Despite the former president’s 275 executive orders and 644 presidential memoranda, Obama argued that the American public shouldn’t look for control and certainty in the world before reminding his listeners that history proves there is a better path.

“In periods like this, people looking for control and certainty — it’s inevitable,” Obama told the Canadian audience in a thinly-veiled warning about President Donald Trump. “But it is important to remember that the world has gone through similar moments … Our history also shows there is a better way.”

Obama then lectured on the need to ignore the “call for isolation and nationalism,” or anyone who “suggests rolling back the rights of others.”

Obama’s Tuesday comments differ from a 2014 statement he made while still in office when he pledged to circumvent the 435 representatives and 100 senators who were elected to office to pass laws.

“We’re not just going to be waiting for legislation,” Obama announced in January 2014. “I’ve got a pen and I’ve got a phone…and I can use that pen to sign executive orders and take executive actions and administrative actions.”

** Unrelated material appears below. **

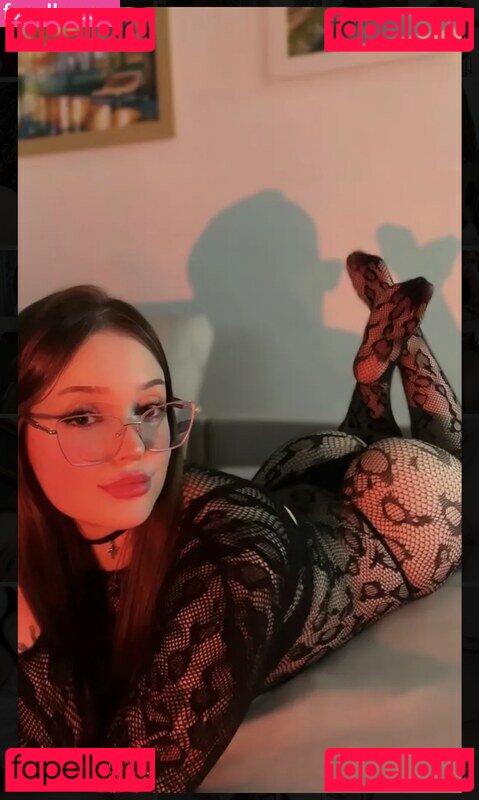 Circe M – Nahá fotografie z OnlyFans 19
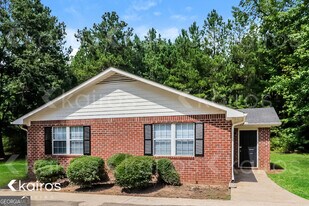 300 Beaver Pointe Dr in Winterville, GA - Building Photo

Then-president Obama signed a series of executive orders that greatly increased the government’s role in the day-to-day business of the American people afterward. One order mandated a higher “living wage” for anyone working with a government paid contractor and changed the export/import process for American-owned businesses.

The former president also authorized military action in Libya in 2011 and appointed several high-profile White House officials with no congressional oversight, according to Reason.